# Work order
Starting at the first line of the material below, retype each line exactly until you reach the line with "Cactus Compression Socks", which is also included; pictures stay out.

# Extracted material
═══

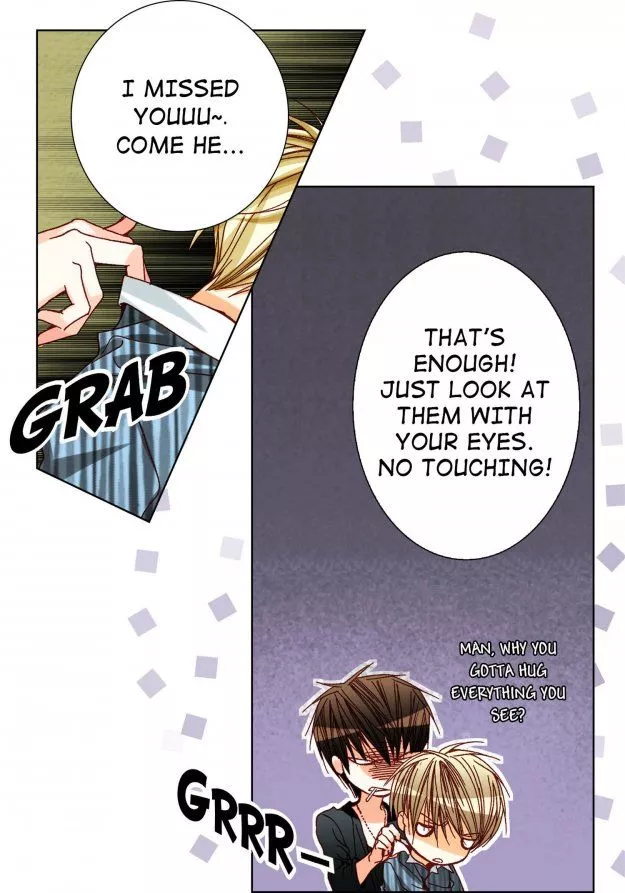 Manga page 6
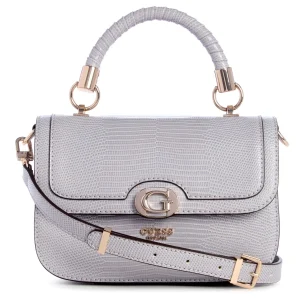 Bolso para Mujer GUESS ORLINA TOP HANDLE FLAP Gris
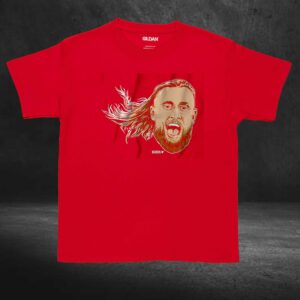 George Kittle Swag Head Shirt 4
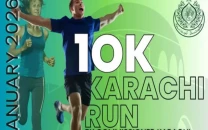 karachi marathon 2026 on jan 25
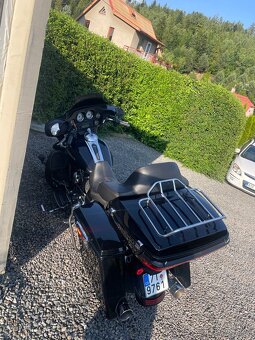 Harley davidson street gllide - 5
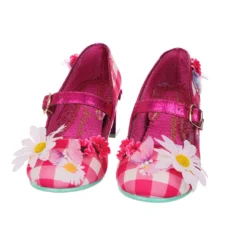 Iconic By Irregular Choice Everything Blue Skies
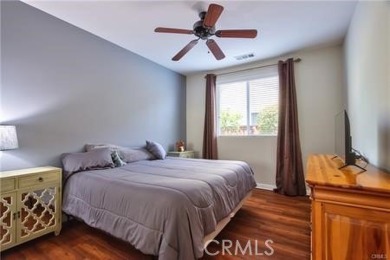 This charming 3-bedroom home, with one bedroom currently used as on Hemet Golf Club in California - for sale on GolfHomes.com, golf home, golf lot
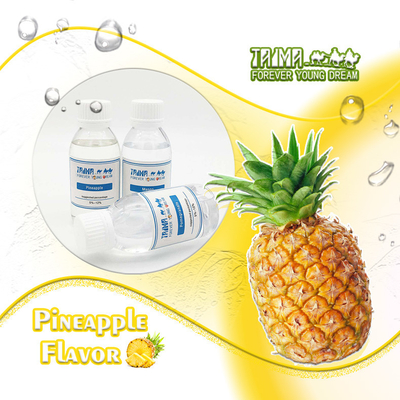 Aromas DIY Concentrado Aroma de piña en jugo de vapeo de tabaco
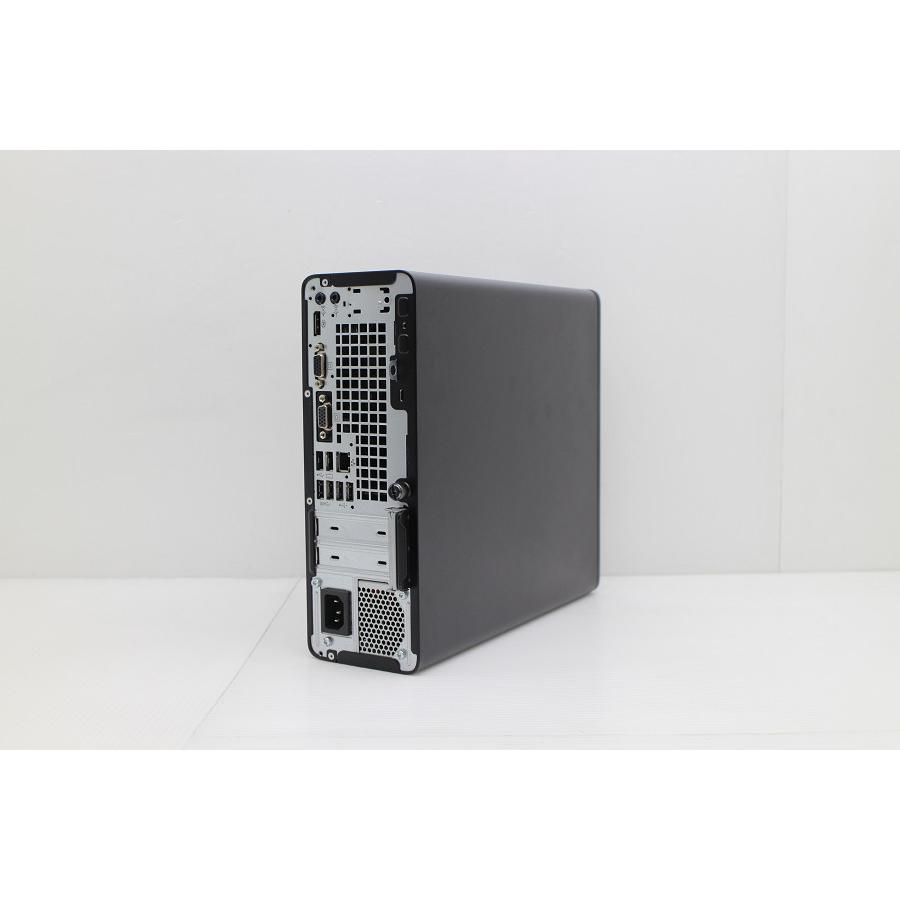 デスクトップ hp ProDesk 400 G5 SFF Core i3 8100 3.6GHz/8GB/128GB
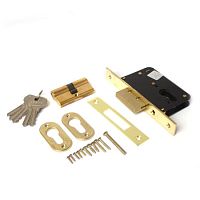 Замок врезной Apecs 95/60-G 00016277 Замок врезной Apecs 95/60-G 00016277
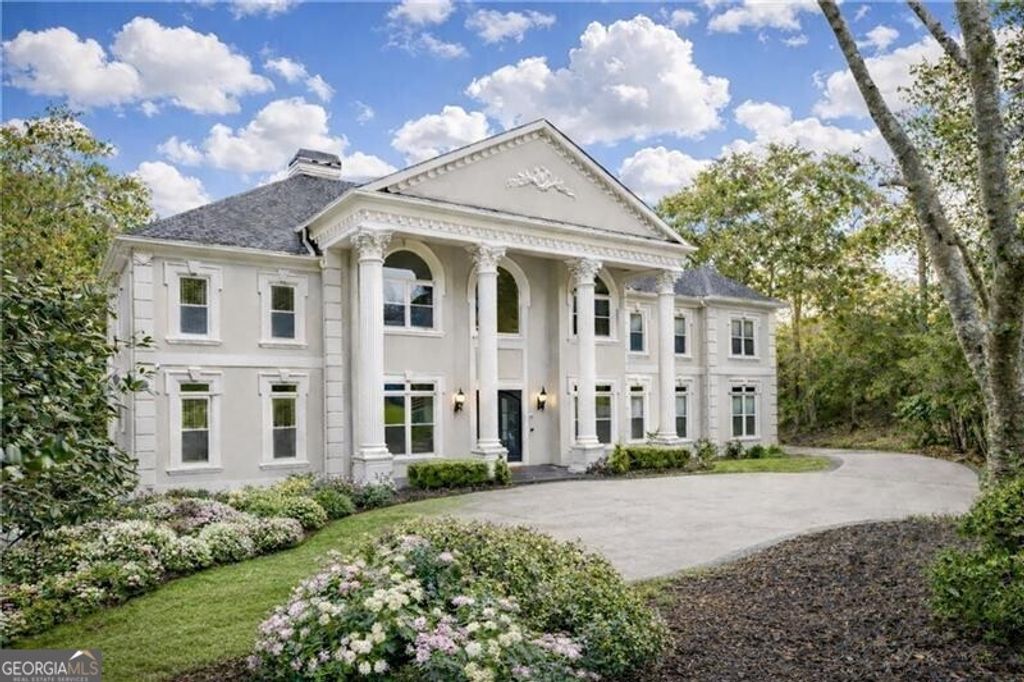 Photo of 955 Tiverton Lane, Johns Creek, GA 30022 (MLS # 10726958)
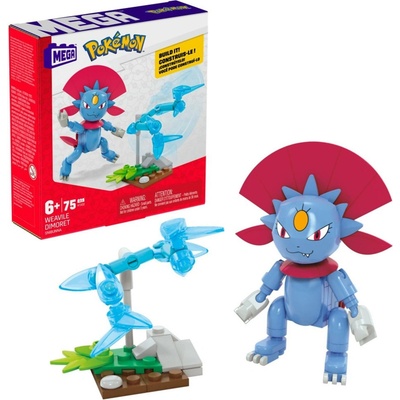 MATTEL Mega Construx Pokémon Sylveon Nymphali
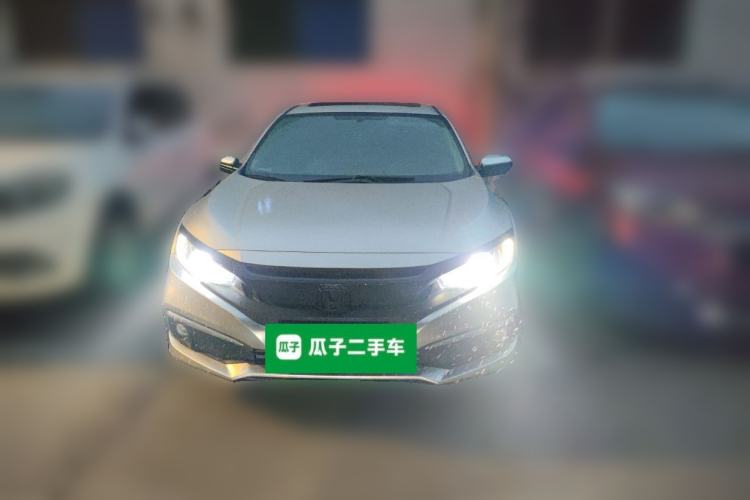 Used Honda Civic 2019 220TURBO CVT Dynamic Edition China VI Front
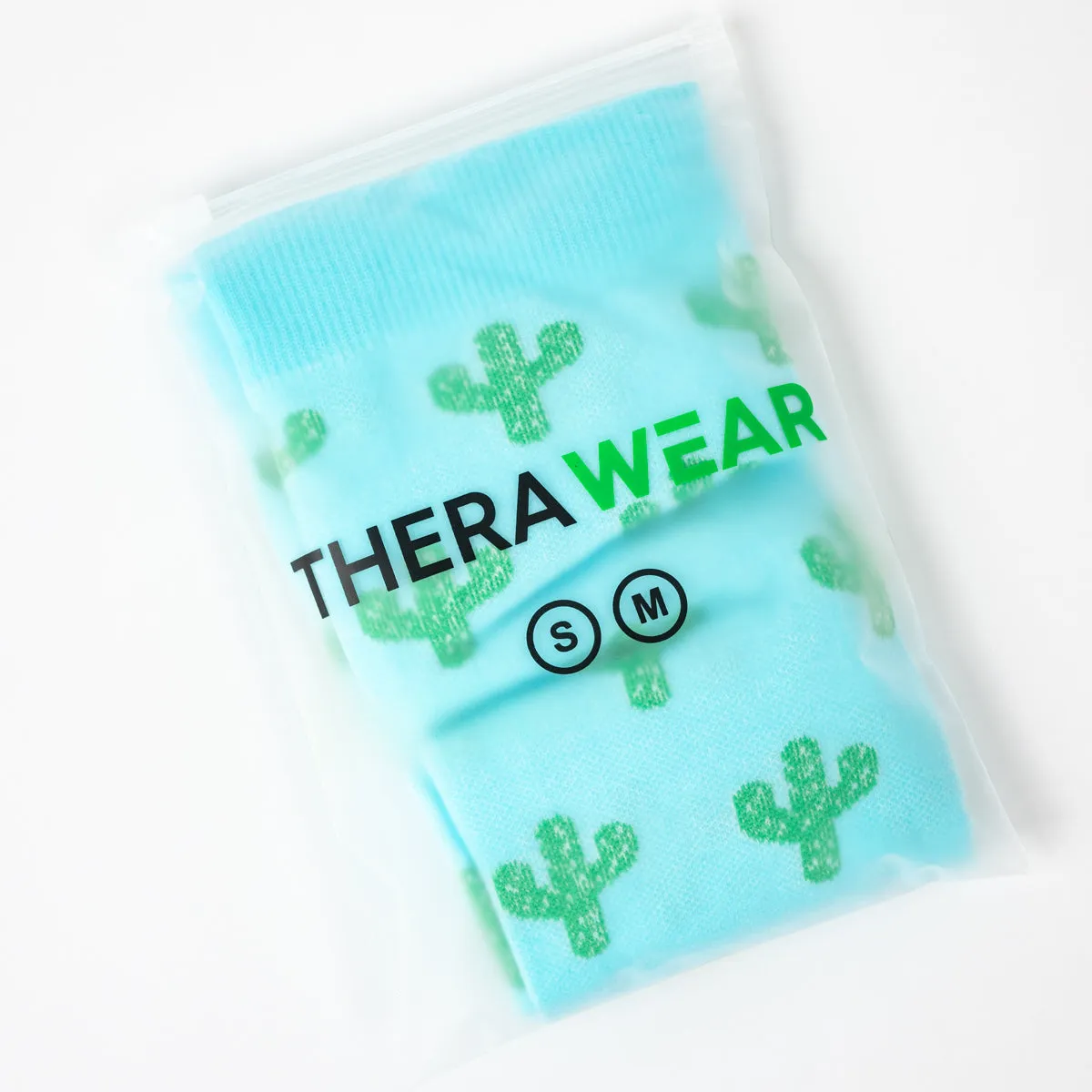 Cactus Compression Socks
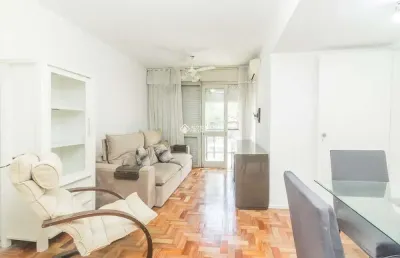 Apartamento com 2 quartos à venda na avenida coronel lucas de oliveira, 2213, petrópolis, porto alegre, 64 m2 por r$ 400.000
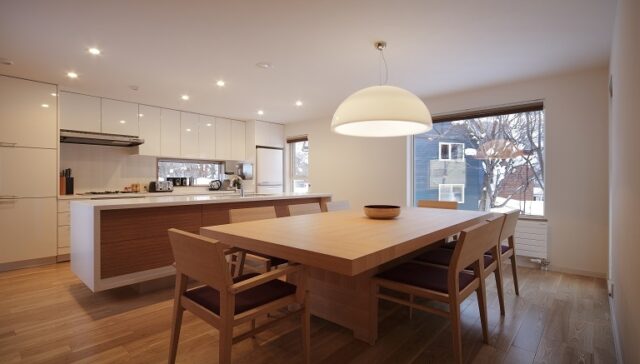 Ezo Kitchen Dining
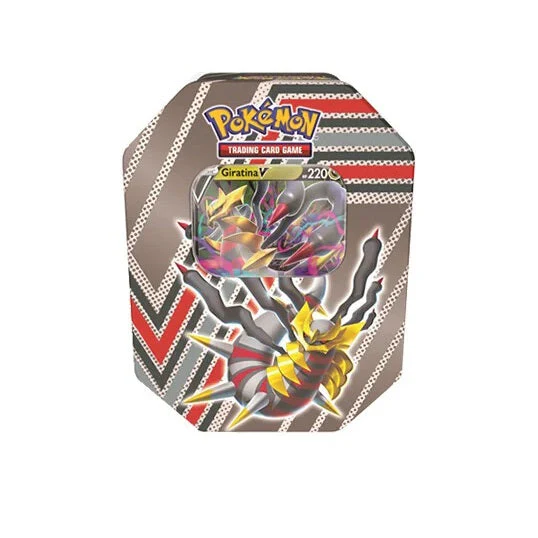 Pokemon TCG: Hidden Potential Tin (Rotom V/Gallade V/Giratina V) - Image 4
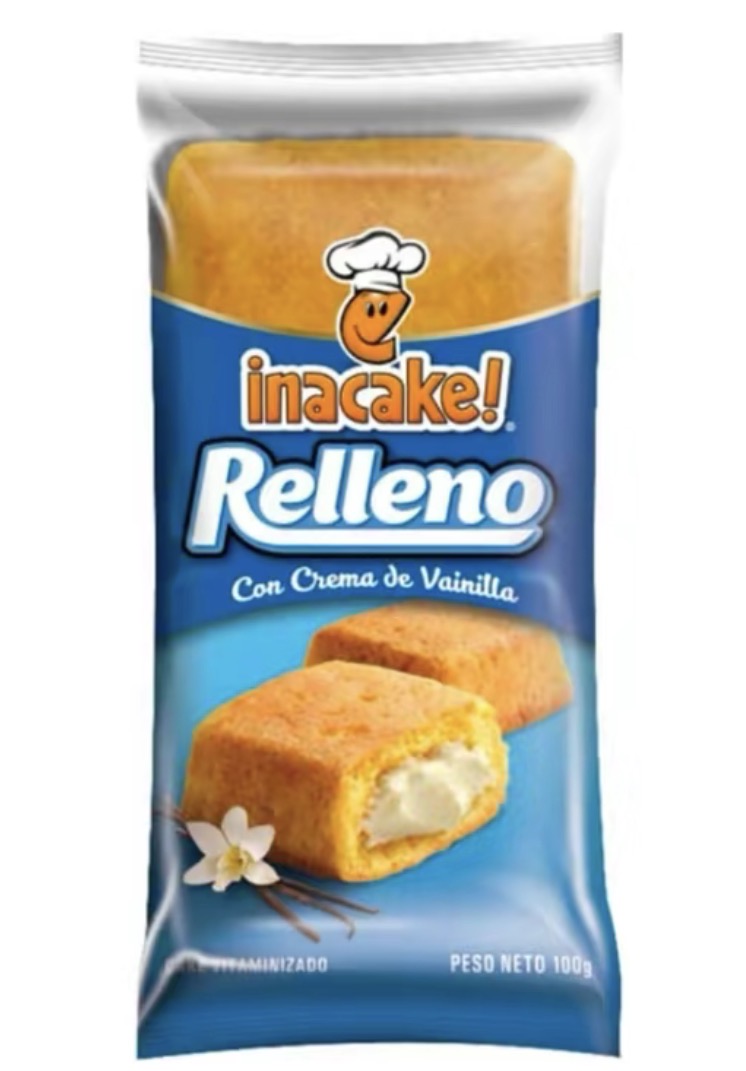 Inacake 100g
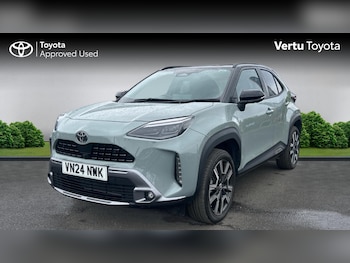 Used Toyota Yaris Cross 2024 for sale - 78519931: Photo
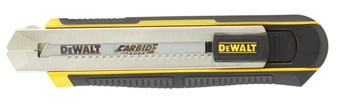 DeWALT DWHT0-10250 NÓŻ ŁAMANY 25mm + 3 OSTRZA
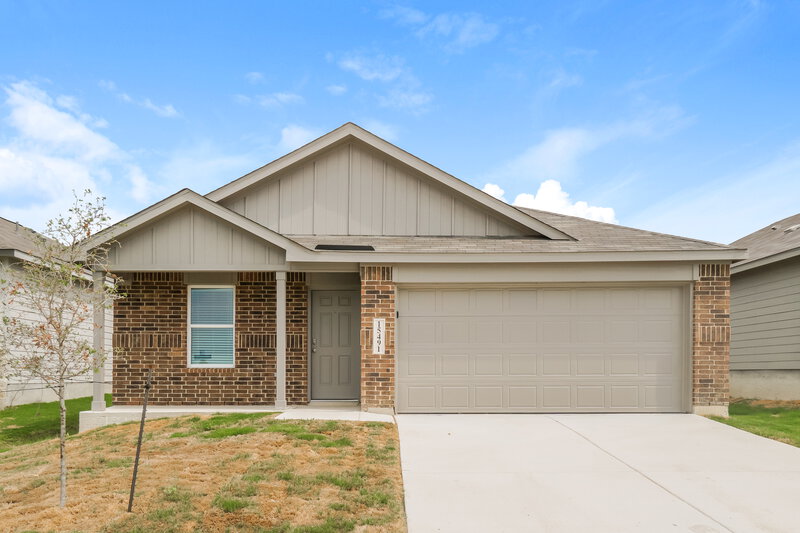 1,440/Mo, 15491 Jake Xing San Antonio, TX 78253 External View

═══

# Exercise solution
 Manga page 6
 Bolso para Mujer GUESS ORLINA TOP HANDLE FLAP Gris
 George Kittle Swag Head Shirt 4
 karachi marathon 2026 on jan 25
 Harley davidson street gllide - 5
 Iconic By Irregular Choice Everything Blue Skies
 This charming 3-bedroom home, with one bedroom currently used as on Hemet Golf Club in California - for sale on GolfHomes.com, golf home, golf lot
 Aromas DIY Concentrado Aroma de piña en jugo de vapeo de tabaco
 デスクトップ hp ProDesk 400 G5 SFF Core i3 8100 3.6GHz/8GB/128GB
 Замок врезной Apecs 95/60-G 00016277 Замок врезной Apecs 95/60-G 00016277
 Photo of 955 Tiverton Lane, Johns Creek, GA 30022 (MLS # 10726958)
 MATTEL Mega Construx Pokémon Sylveon Nymphali
 Used Honda Civic 2019 220TURBO CVT Dynamic Edition China VI Front
 Cactus Compression Socks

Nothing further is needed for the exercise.